You asked whether the time has not come when we should publicly announce that we will equip our forces in Korea with the newest types of weapons, because of the impossibility of supplying spare parts and maintenance for the older types.2

We think the time is near when this should be done. General Lemnitzer has said that July 1 is the critical date. First, however, we have to solve the problem of the Neutral Nations Supervisory Commission and its teams. The Department of State is informing the other Governments participating in the United Nations action in Korea on May 4 that the United Nations Command plans to suspend provisionally those provisions of the Armistice relating to the operations of the Supervisory Commission and its teams in the south because of the flagrant Communist violations.3 Some of our important allies with whom we have been consulting are not happy about this course, and we have to make sure that our friends will be prepared to support us when this action by the United Nations Command is considered in the United Nations.

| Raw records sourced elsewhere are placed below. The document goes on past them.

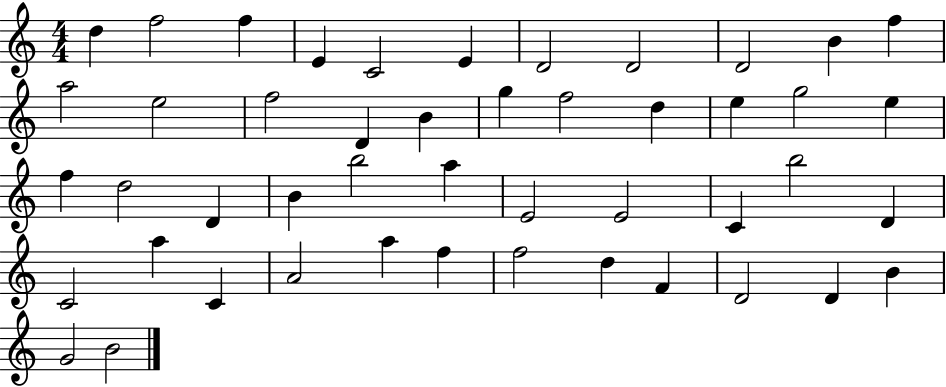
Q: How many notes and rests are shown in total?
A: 47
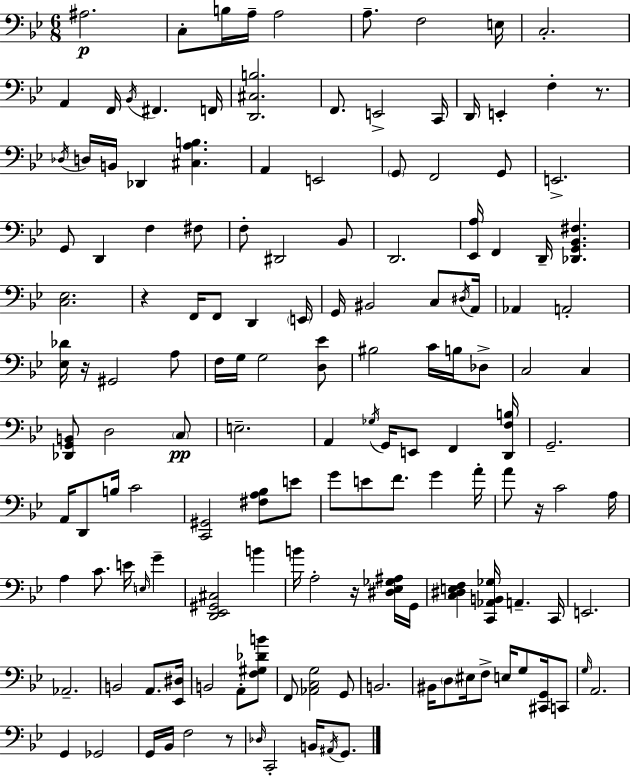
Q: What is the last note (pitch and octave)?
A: G2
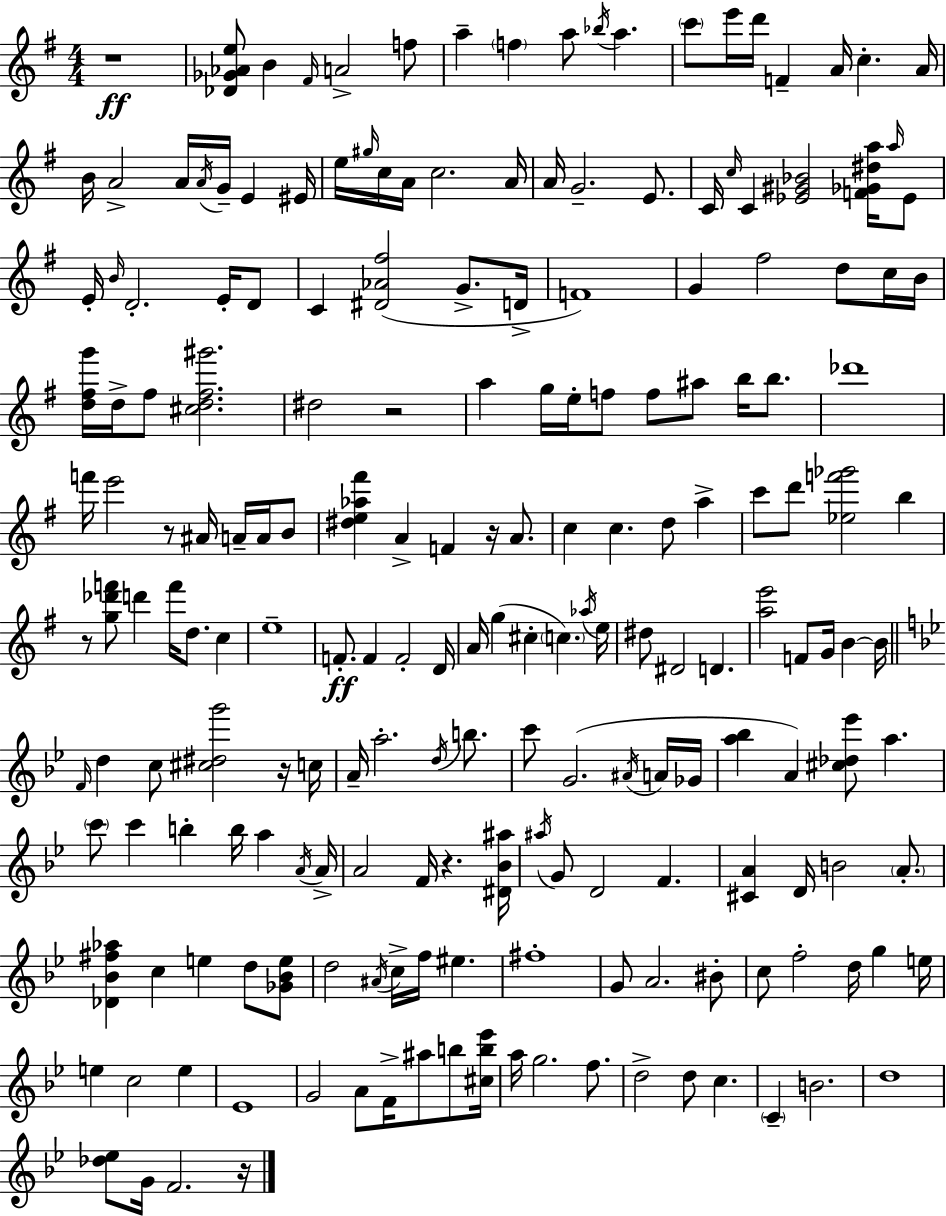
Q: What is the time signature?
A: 4/4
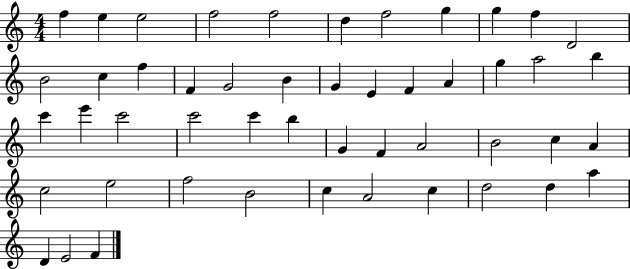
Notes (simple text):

F5/q E5/q E5/h F5/h F5/h D5/q F5/h G5/q G5/q F5/q D4/h B4/h C5/q F5/q F4/q G4/h B4/q G4/q E4/q F4/q A4/q G5/q A5/h B5/q C6/q E6/q C6/h C6/h C6/q B5/q G4/q F4/q A4/h B4/h C5/q A4/q C5/h E5/h F5/h B4/h C5/q A4/h C5/q D5/h D5/q A5/q D4/q E4/h F4/q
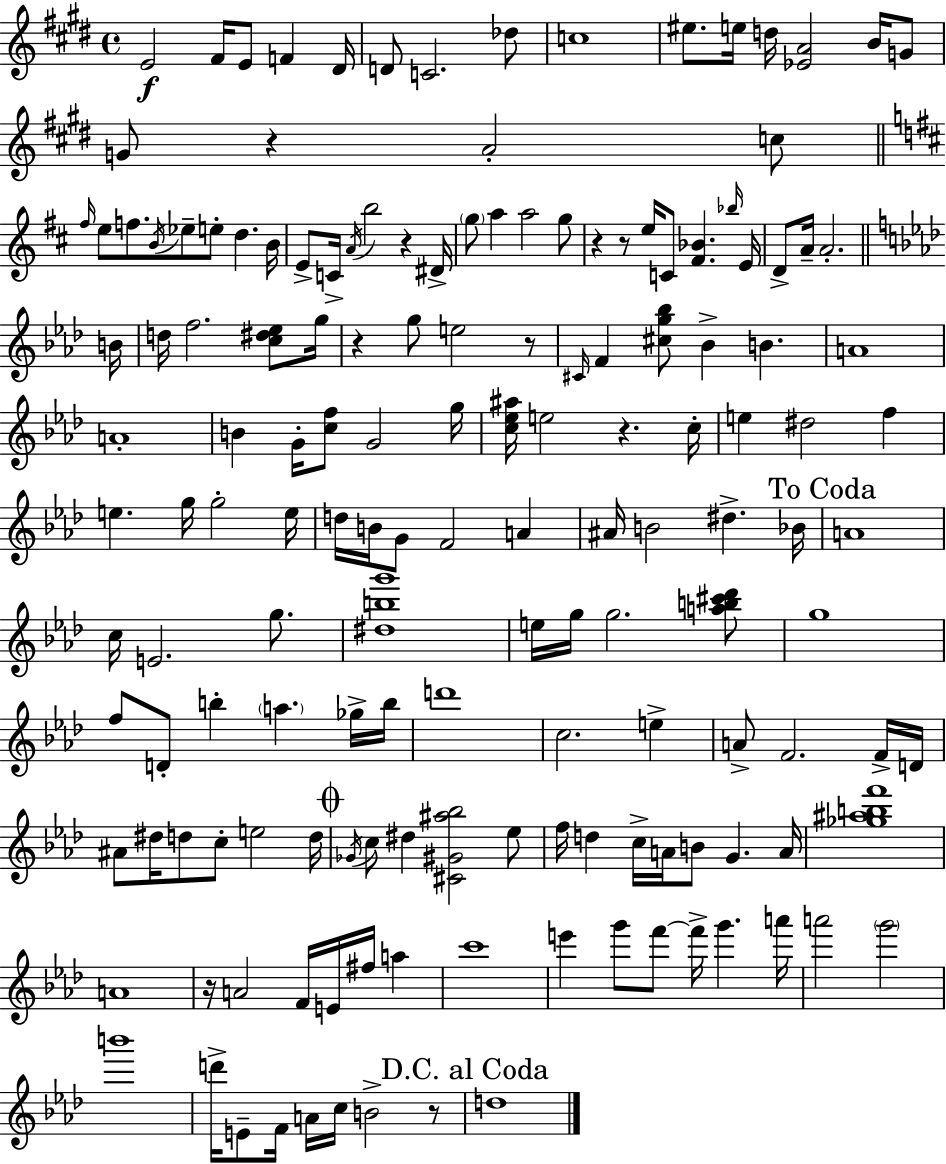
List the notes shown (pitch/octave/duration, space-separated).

E4/h F#4/s E4/e F4/q D#4/s D4/e C4/h. Db5/e C5/w EIS5/e. E5/s D5/s [Eb4,A4]/h B4/s G4/e G4/e R/q A4/h C5/e F#5/s E5/e F5/e. B4/s Eb5/e E5/e D5/q. B4/s E4/e C4/s A4/s B5/h R/q D#4/s G5/e A5/q A5/h G5/e R/q R/e E5/s C4/e [F#4,Bb4]/q. Bb5/s E4/s D4/e A4/s A4/h. B4/s D5/s F5/h. [C5,D#5,Eb5]/e G5/s R/q G5/e E5/h R/e C#4/s F4/q [C#5,G5,Bb5]/e Bb4/q B4/q. A4/w A4/w B4/q G4/s [C5,F5]/e G4/h G5/s [C5,Eb5,A#5]/s E5/h R/q. C5/s E5/q D#5/h F5/q E5/q. G5/s G5/h E5/s D5/s B4/s G4/e F4/h A4/q A#4/s B4/h D#5/q. Bb4/s A4/w C5/s E4/h. G5/e. [D#5,B5,G6]/w E5/s G5/s G5/h. [A5,B5,C#6,Db6]/e G5/w F5/e D4/e B5/q A5/q. Gb5/s B5/s D6/w C5/h. E5/q A4/e F4/h. F4/s D4/s A#4/e D#5/s D5/e C5/e E5/h D5/s Gb4/s C5/e D#5/q [C#4,G#4,A#5,Bb5]/h Eb5/e F5/s D5/q C5/s A4/s B4/e G4/q. A4/s [Gb5,A#5,B5,F6]/w A4/w R/s A4/h F4/s E4/s F#5/s A5/q C6/w E6/q G6/e F6/e F6/s G6/q. A6/s A6/h G6/h B6/w D6/s E4/e F4/s A4/s C5/s B4/h R/e D5/w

Soon after the Neutral Nations Inspection Teams are expelled from the area under the control of the United Nations Command, it will be time, we think, to begin the introduction of new weapons for our forces. We think this can be done as a matter of interpretation of the Armistice Agreement in the light of the actions of the other side. Since the international developments, and in particular the reactions to our expulsion of the Neutral Nations Inspection Teams, can not altogether be foreseen, we shall have to make a final assessment of the situation before the introduction of new weapons is begun.

Herbert Hoover, Jr.4
  1. Source: Department of State, Central Files, 711.11–EI/5–256. Secret. Drafted by Hemmendinger.
  2. On May 2, President Eisenhower sent a memorandum to Acting Secretary Hoover in which he solicited Hoover’s comments on a number of international problems, including Korea. Eisenhower’s memorandum reads: “With respect to the military disadvantages we are suffering in Korea because of the Armistice and of our failure to have the Armistice Commission removed from Korea, I wonder whether the time has not come when we should not [now?] publicly announce our intention of keeping our forces there equipped with the newest types of weapons, because of the impossibility of supplying spare parts and maintenance for the older types.” (Ibid.)
  3. Infra.
  4. Printed from a copy that bears this stamped signature.